Kendisini tanıyanların “O, barış, dostluk ve kardeşlik simgesiydi” dedikleri Ali İsmailimizi henüz 19’undayken aramızdan aldılar.
Ama aynı zamanda Ali İsmail Korkmaz adını ölümsüz kıldılar.

* * *

Sevgili okurlarım,
Yarın yurttaşlık görevini yerine getirip oy vermek için sandığa giderken, eminim sizin de gözlerinizin önünden bazı yürek yakan görüntüler geçecek.
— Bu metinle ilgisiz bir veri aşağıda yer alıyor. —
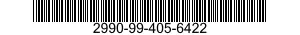 2990-99-405-6422  2990994056422 994056422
Bu iktidar döneminde yaşadığımız acılar, zulümler, hukuksuzluklar, anayasayı ayaklar altına almalar, eşi görülmedik hırsızlıklar, katliam gibi kazalar, dış politikadaki hüsranlar, “400 milletvekili olsaydı bunlar yaşanmazdı” denilerek geçiştirilmeye çalışılan canlı bombalı katliamlar, şehit cenazeleri, ağlayan analar, babalar, son bir umutla tabutlara sarılıp babalarının cenazelerini bırakmamaya çalışan çocuklar, taşlı sopalı saldırıya uğrayan gazeteler, evlerinin önünde dövülen gazeteciler, bağımsız medyaya yönelik tehditler, fişi çekilen televizyonlar, kana bulanmış sarı basın kartları, silahlı polislerin önünde hazırlanan gazeteler, stadyumlarda esir alınan futbol hakemleri gelecek.
İnanıyorum ki bunları hatırlayıp oy kullanacaksınız.
İnanıyorum ki bunları hatırlayıp gasp edilen demokrasimizi özgürlüğüne kavuşturacaksınız.
İnanıyorum ki bunları hatırlayıp ülkemizin ve çocuklarımızın geleceğini kurtaracaksınız.